The Liberty Utilities rate case will proceed after the three-member Public Utility Commission overturned a judge’s motion to dismiss.
Liberty spokeswoman Jennifer Cross said the decision, made this month, granted the appeal of Liberty Woodmark and Liberty Tall Timbers, allowing the rate case to proceed with a proposed consolidated rate tariff for both utilities.
In making the decision, the commission also ordered that Liberty Utilities (Sub) Corp., the parent company of Liberty Tall Timbers and Liberty Woodmark, be added to the rate case as an applicant.
Ms.
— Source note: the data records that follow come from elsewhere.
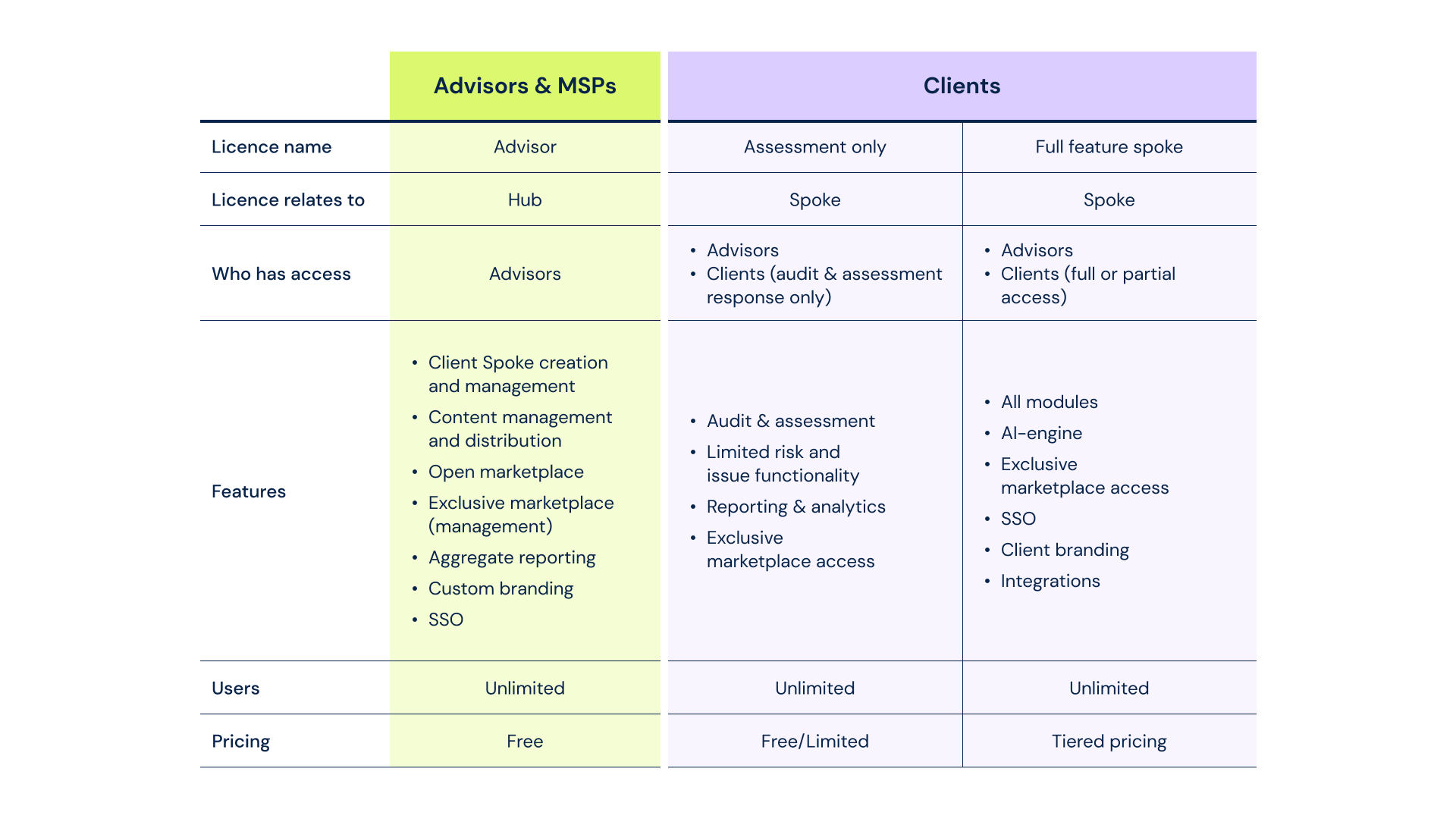 Blog - Exploring 6clicks Hub & Spoke Licensing for Advisors and MSPs - Banner 3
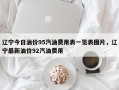 辽宁今日油价95汽油费用表一览表图片，辽宁最新油价92汽油费用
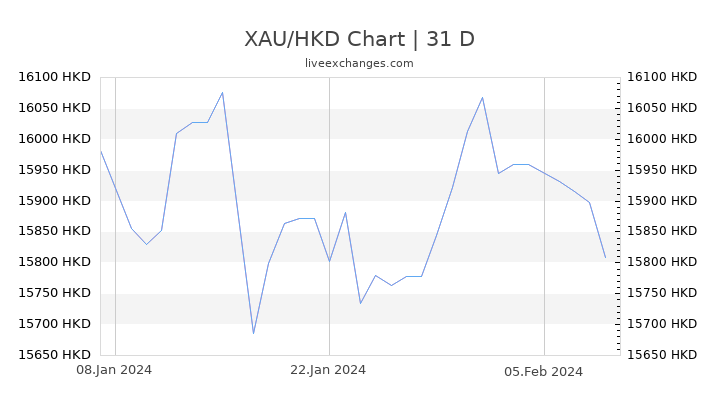 XAU/HKD Chart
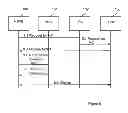 Fig. 09 - Method for performing and a device for providing a M2ME fail over mechanism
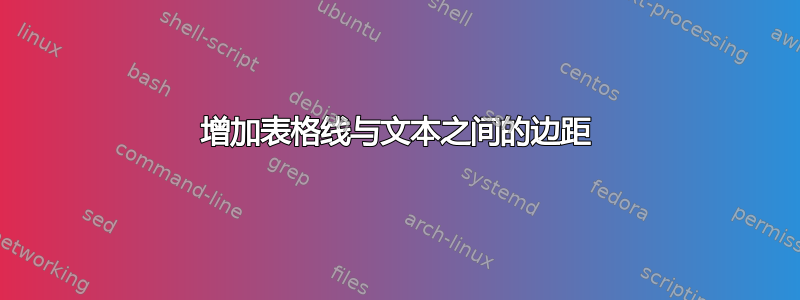 增加表格线与文本之间的边距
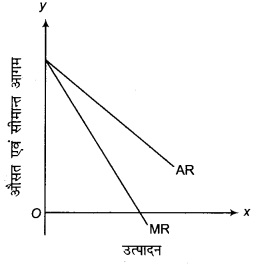 RBSE Solutions for Class 12 Economics Chapter 12 बाजार के अन्य स्वरूप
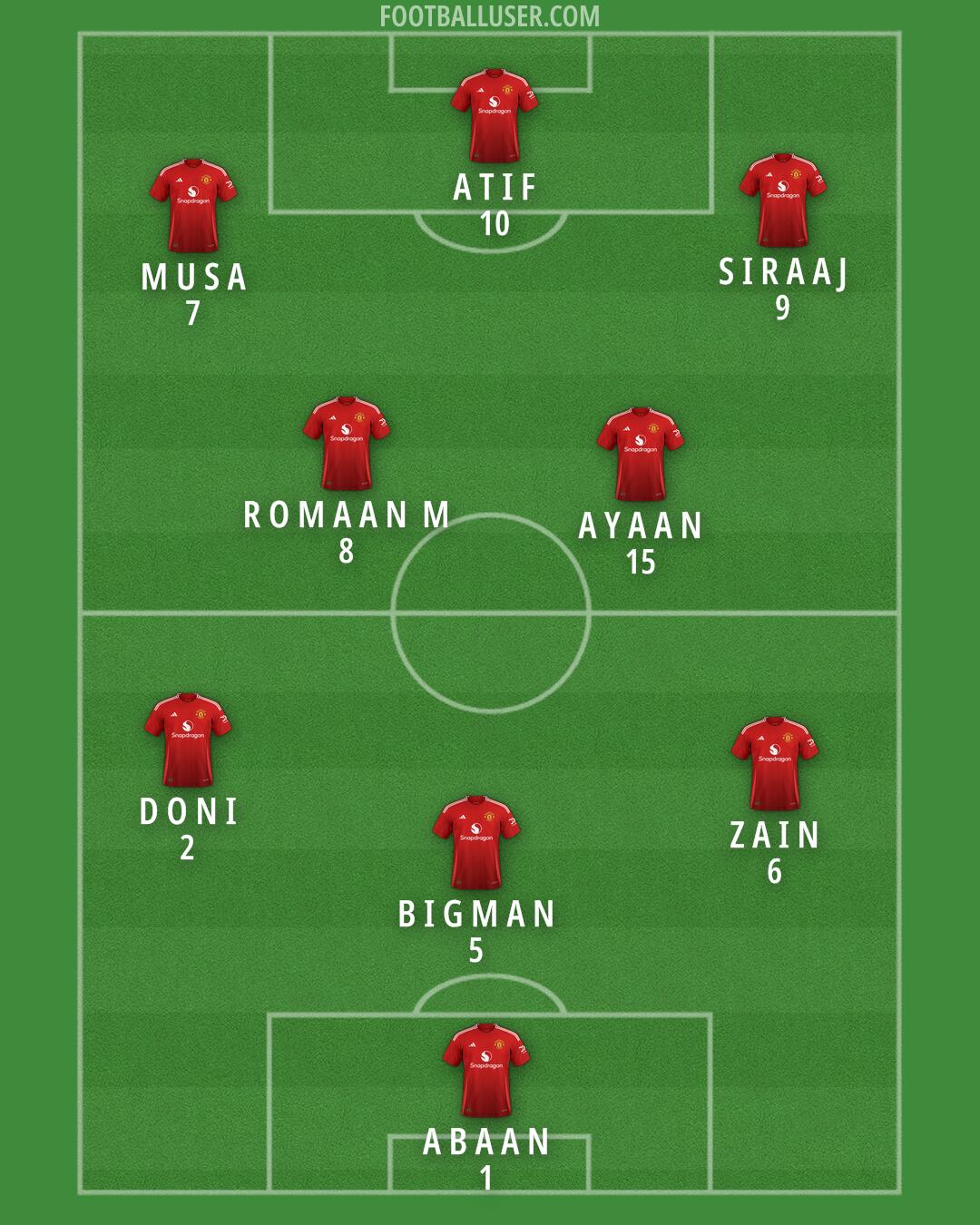 Man Utd Formation 2025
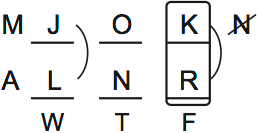 LSAT Preptest 66, Game 1 Setup, Diagram 10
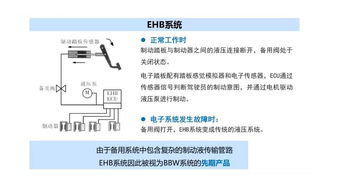 ehb系统,技术原理、优势与未来展望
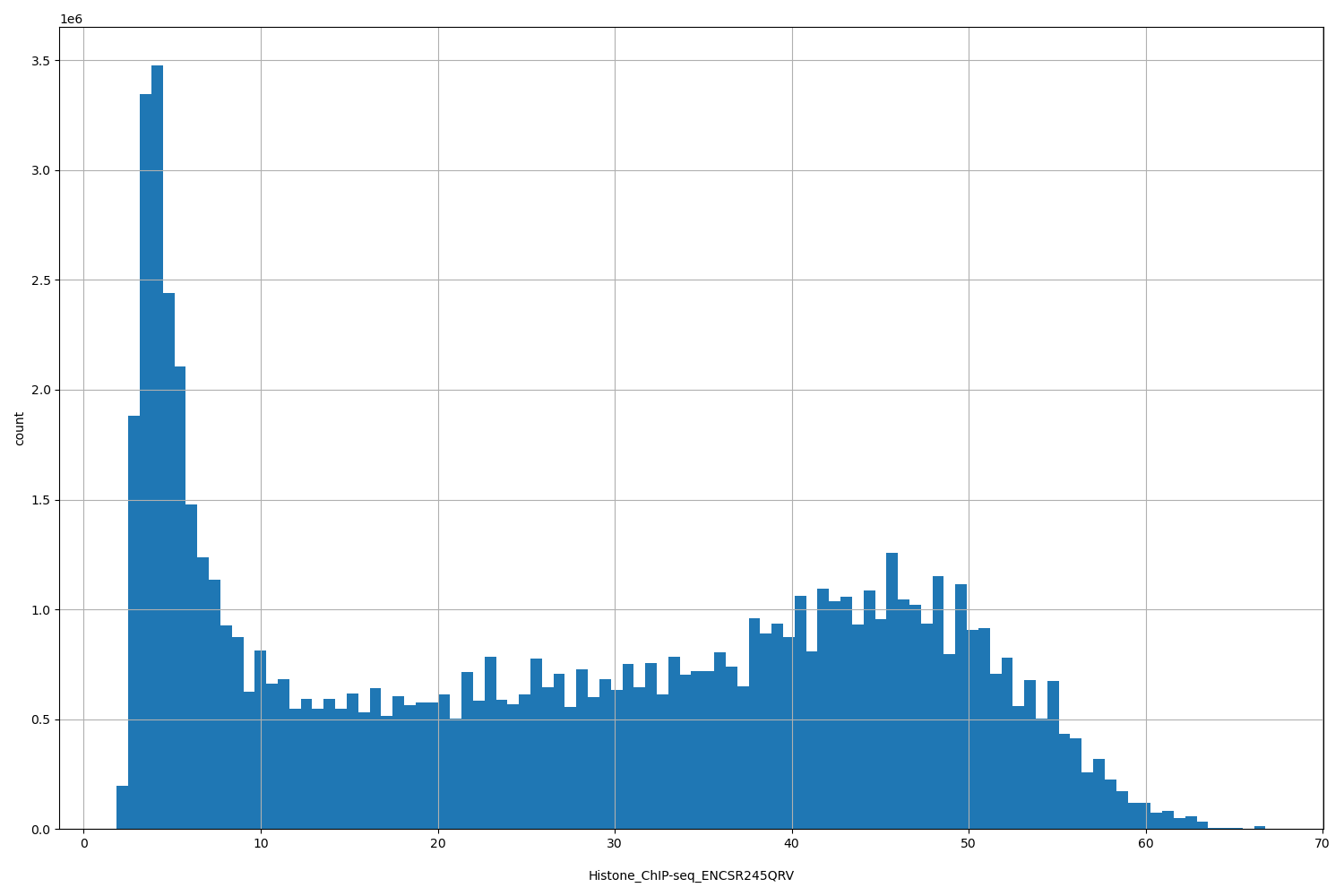 HISTOGRAM FOR Histone_ChIP-seq_ENCSR245QRV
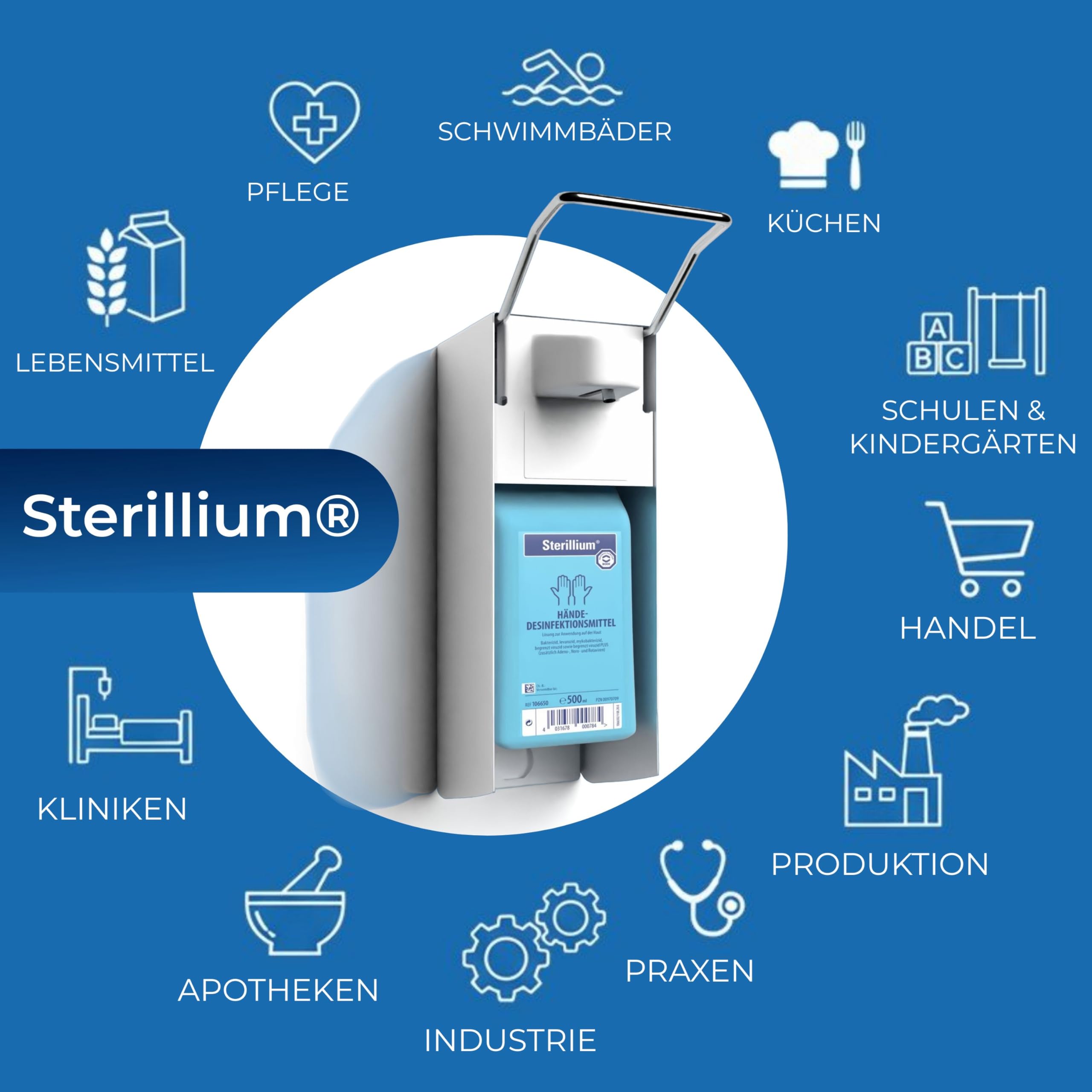 horn-medical-langarm-wandspender-aluminium-starterset-mit-1x-sterillium-500-ml-2 image 2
Cross said the company is in the process of amending the rate application to conform to the order.
Michele Gregg, director of external relations at the Office of Public Utility Counsel, which represents Liberty Utilities customers in Smith County, said the parties to the case planned to meet as early as next week to try to come up with a new procedural schedule after the last one was abated.
Once the parties come to an agreement about a schedule, they will file that with a judge at the State Office of Administrative Hearings.
In addition, the effective date for Liberty Utilities’ proposed rates will be pushed back even further, Ms. Gregg said.
The commission already suspended the Feb. 1 effective date for customers outside the city limits, meaning those customers have not yet seen a rate change.
In January, the Tyler City Council unanimously approved suspending the proposed rate increase for customers inside the city limits.
The 90-day suspension would allow the city’s attorneys and rate consultants the time to continue reviewing the utility company’s rate application.
City of Tyler Development Director Greg Morgan said the city would still have to act on or before May 1.
Ms. Gregg said the commissioners were clear during the meeting that they were not ruling on the proposed rates, and would address those in the future.
The road to this point began in September, when the utility company notified its Tall Timbers and Woodmark Sewer customers about a proposed rate change for wastewater service.
The proposed rate increase, which would more than triple some customers’ monthly bills, was met with widespread opposition.
Customers submitted more than 1,000 protests to the Public Utility Commission of Texas.
The number of protests triggered an automatic hearing at the state level. In December, the Public Utility Commission referred the case to the State Office of Administrative Hearings to address factual disputes in the case.